Tough Gospel Reading Challenges Us in the Direction of Love

The parable of the talents in Matthew 25:14-30 is often heard as the master being harsh on the servant who is full of fear and resentment. In our journey of faith all of us are challenged to get out of the myth of an autonomous self stuck in the world-view and instead enter into Christ, linking us to Him, those who have gone before and those whose lives we are intertwined, enabling us to recognize our talents as "what has happened to us, the heritage granted to us by faith." The reality is when we try to operate out of fear or resentment we not only suffer, but the fruits "can even be harmful...," and as my friend Gil Bailie alludes, it is a recipe for squandering the gift of being and our talents, and we become like withering branches that are collected and thrown on the fire and burned (John 15:7).

The following appeared in The Magnificat - it is an editorial from Traces Magazine, (Communion & Liberation International) 2011.

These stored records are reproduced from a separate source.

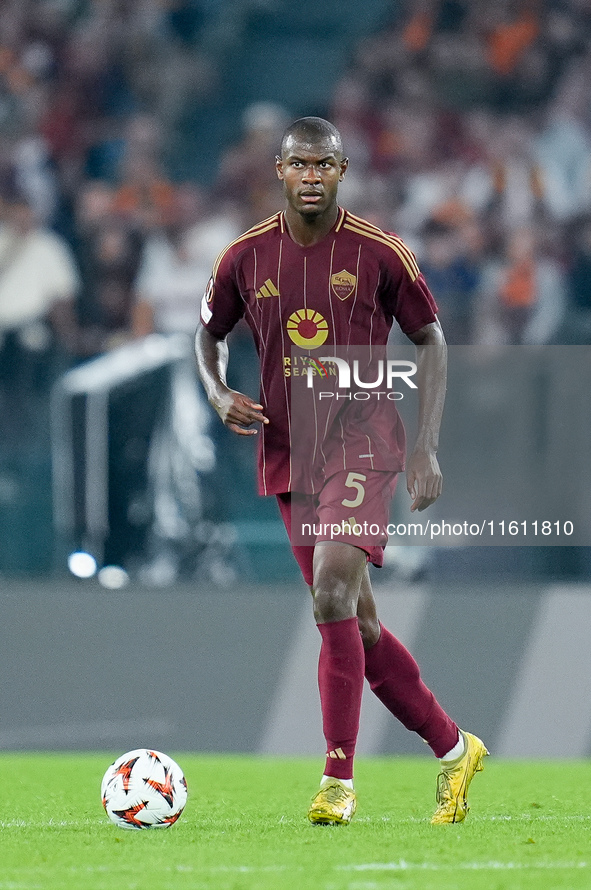 Evan Ndicka of AS Roma during the UEFA Europa League 2024/25 League Phase MD1 match between AS Roma and Athletic Club at Stadio Olimpico on...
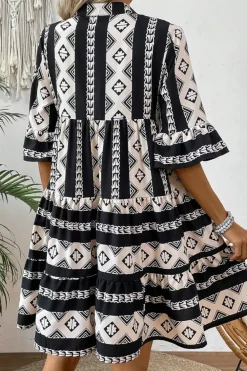 Hot Dear-Lover Geometric Print V Neck Ruffled Dress Black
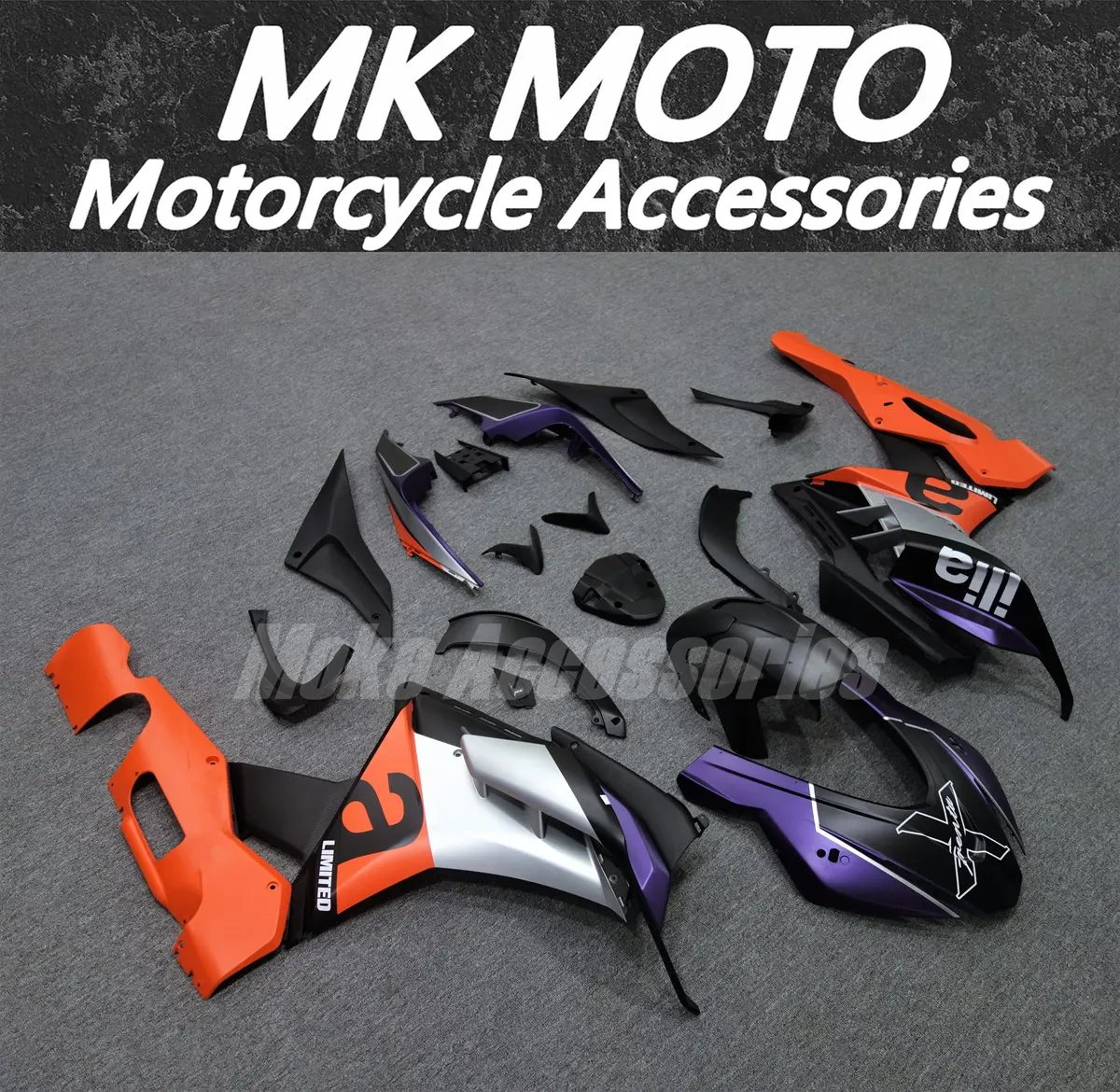 Motorcycle Fairings Kit Fit For RSV4 1100 2022 2023 2024 Bodywork Set ABS Injection Purple Orange Silver Black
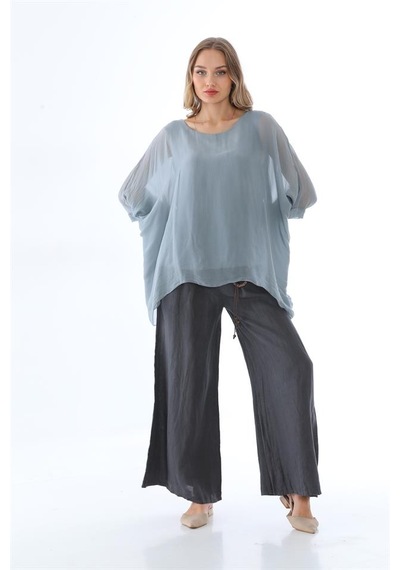 Bohem Stil İtalyan Yarasa Kol İpek Bluz-8869 Gri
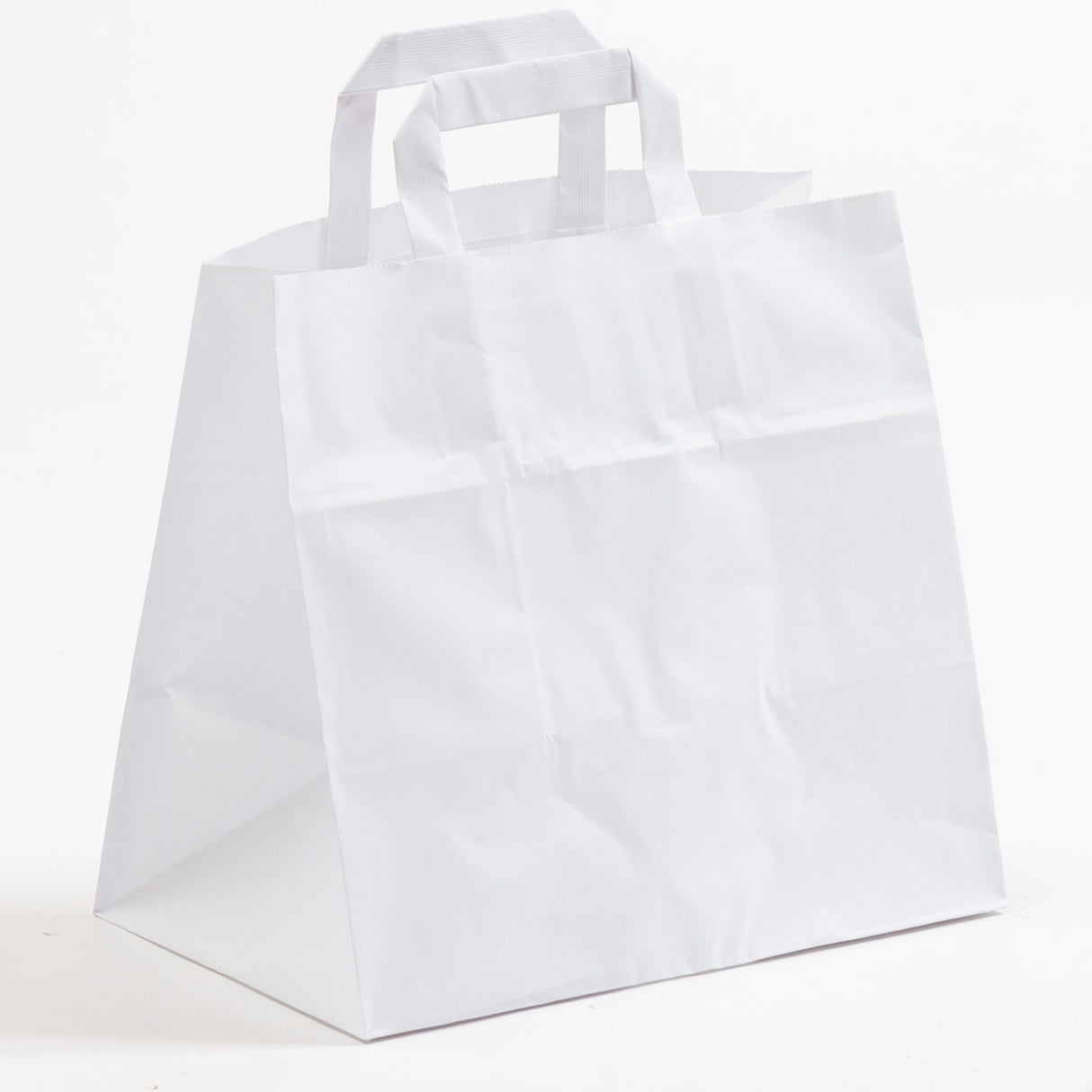 Gastro-Tasche für den Transport von Pizza oder anderen Lebensmitteln in der Farbe Weiß mit weißen Flachhenkeln im Größenformat 26x17x25cm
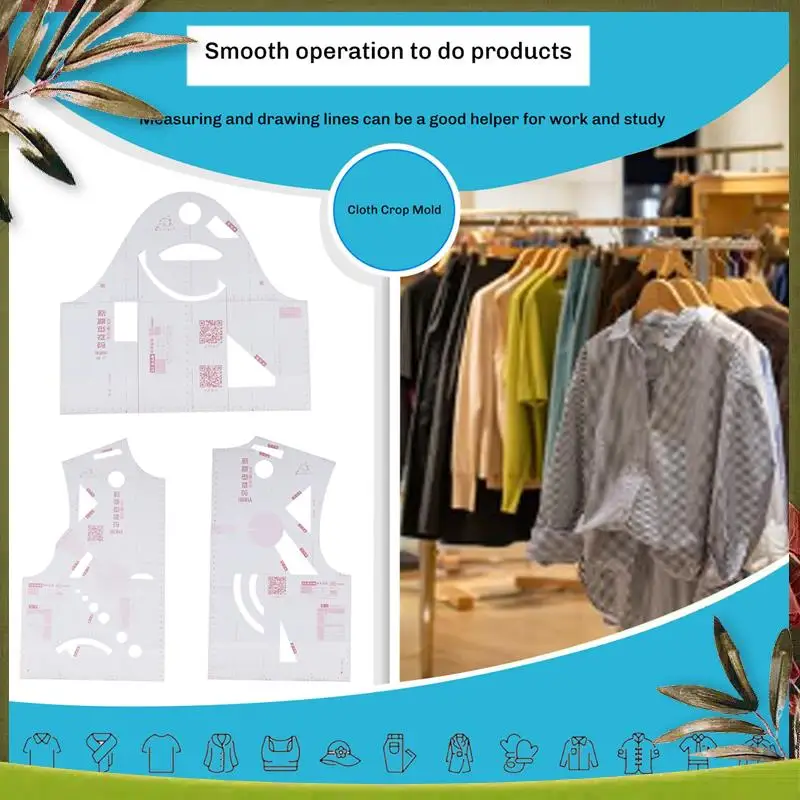 New-1:1 Fashion Cloth Design Ruler Crop Mold School Student Teaching Apparel Drawing Template Garment Prototype Ruler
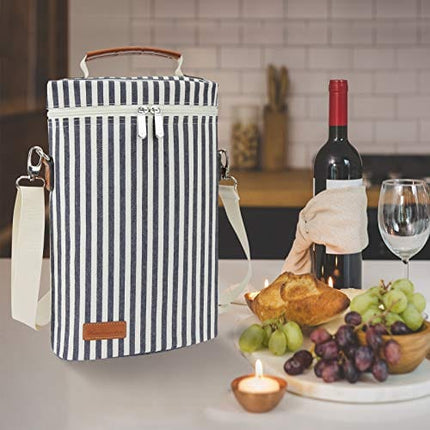 2 Bottle Insulated Wine Tote Bag, Wine Carrier Travel Padded Cooler Bag with Shoulder Strap Corkscrew Opener, Perfect for Picnic and Outdoor Entertaining Wine Lover's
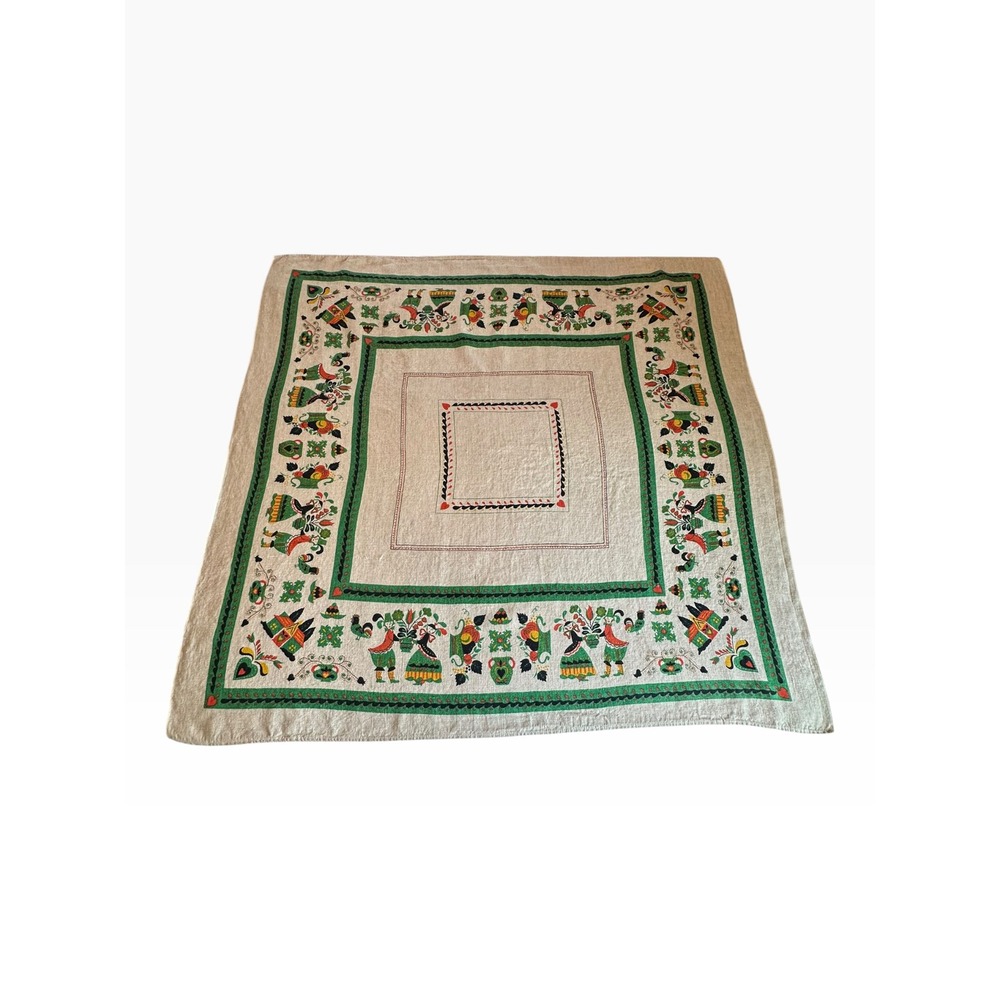Vintage Scandinavian Folk Art Linen Blend Tablecloth 48x48 Beige Green Red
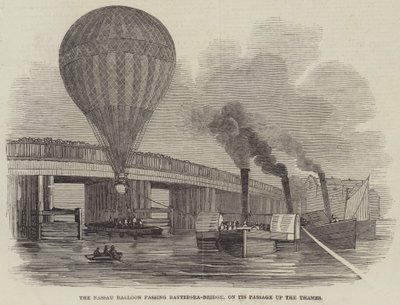 The Nassau Balloon passing Battersea-Bridge, on its Passage up the Thames by English School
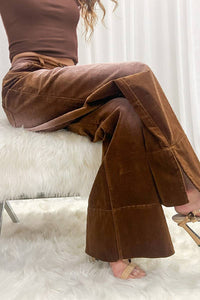 Stone Washed Cotton Corduroy Cropped Pants VP83140: Brown / M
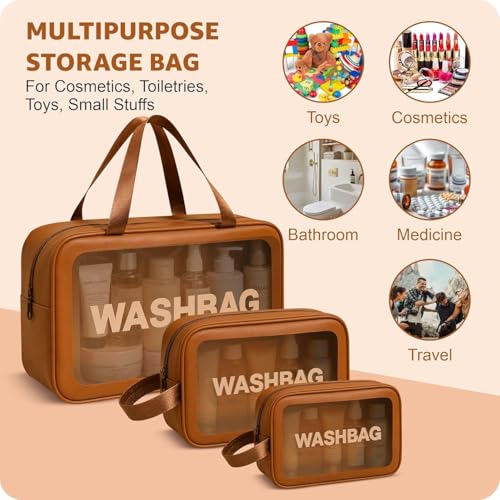 Image of Travel Makeup Pouch Set Toiletry Bag Cosmetic Organizer Bag for Women and Girls Toiletry Storage Kit Set of 3 (Brown)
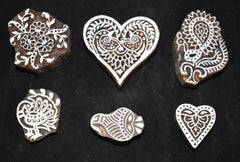 Indian Wood Printing Block Set -  Peacocks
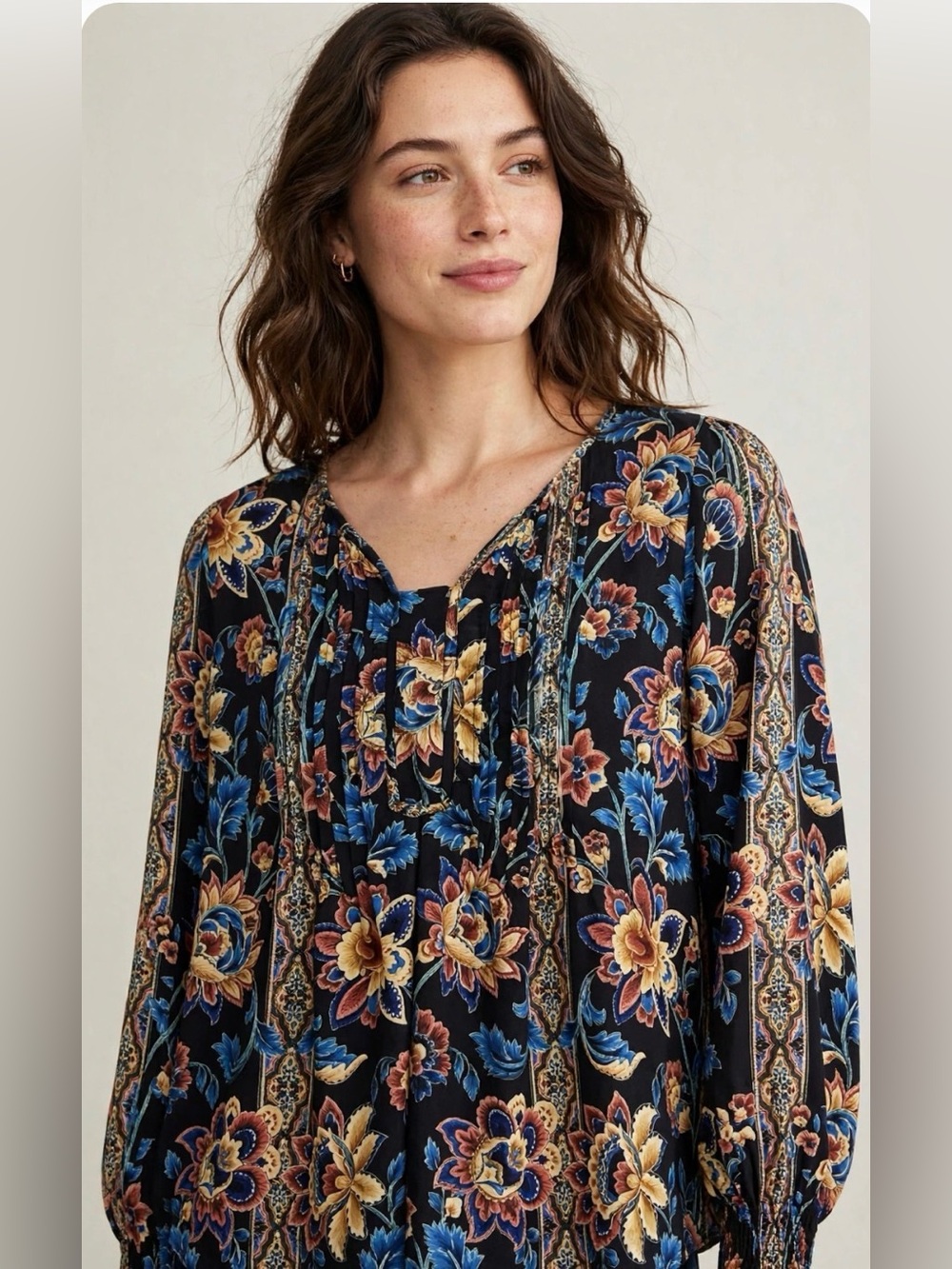 Boho Black Floral Peasant Blouse Size S v-Neck Elastic Cuff Colorful Long Sleeve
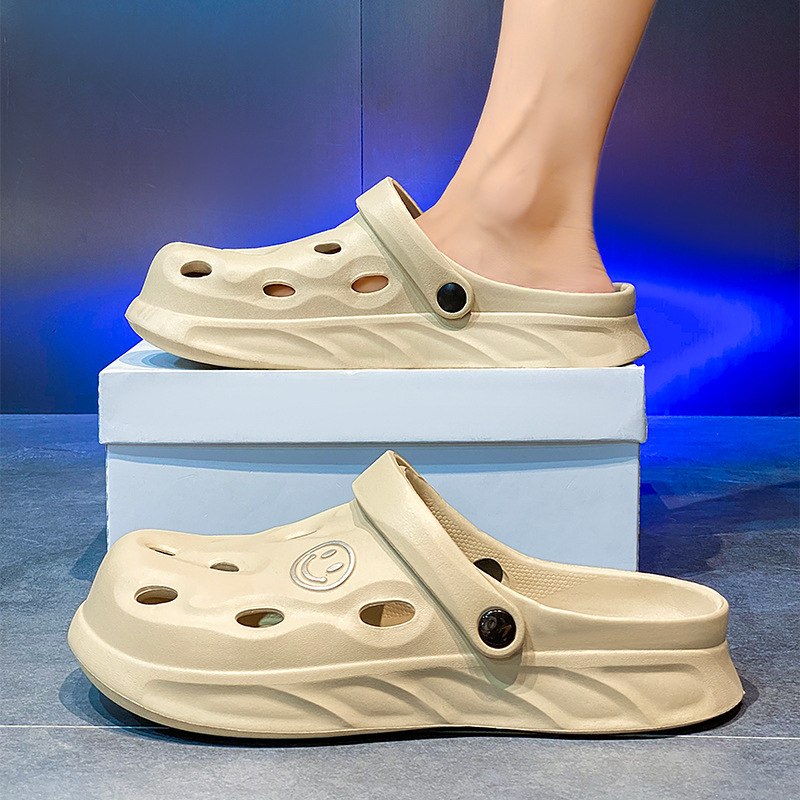 Moda de verano para parejas zapatos de agujero transfronterizos EVA de alta elasticidad, zapatillas de playa para dos exteriores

In the painful confusion presently surrounding us, only a few things are clear and certain. One of these is that we cannot live on the proceeds of the past any longer. For example, we cannot base our tranquility on political balances consolidated decades ago; they are collapsing in the most unforeseeable way... It is no longer possible to assume that wealth automatically produces wealth - as was the case in the past fifty years in Western countries - without re-investing it now, and at a risk. Even lifetime certainties like home or relationships can be swept away in a moment, or end up caged in by a threat of death that suffocates the future...
So, as you find yourself looking at those dramatic events... you realize that the challenge reaches you at a deeper, radical level. For your wealth, too, cannot be enough, even that wealth that once served to lay a foundation on solid ground - an encounter, a history behind you, an education - in a word: the Christian heritage, what many of us would define, quite rightly, as the crucial factor of life, that which has given form to our existence. We can't live on the proceeds even of that. A faith reduced to heritage, to an inherited treasure, doesn't automatically generate interest and dividends sufficient for living now, for surviving the onslaught of reality today. It's rather like the parable of the talents... in which the owner is angry with his servant who buries his talent in the ground to keep it safe, instead of making it produce a profit. 
The talents are... what has happened to us, the heritage granted to us by faith. If you don't risk it now, in time it is of no use. If there is not a presence that enables you to augment it and make it fruitful now, it is useless. It can even be harmful... 
"The Christian faith stands or falls with the truth of the testimony that Christ is risen from the dead", as Benedict XVI reminds us... If you take this away, we are dead, because faith is reduced to "a series of interesting ideas" or "a kind of religious worldview", but it is "dead". All that's left is "our own judgement in selecting from his heritage what strikes us as helpful", and we find ourselves "left to ourselves", alone, unable to face up to the certainties that collapse, in a moment.

This is why Christ rose. He removes the stone from the grave, and he digs up the earth where we would like to hide what we have received, where at times we would have the temptation to bury the heritage of faith. He does it so as to give it back to us now, to make it bear fruit now, and to take away our loneliness from the world, for ever.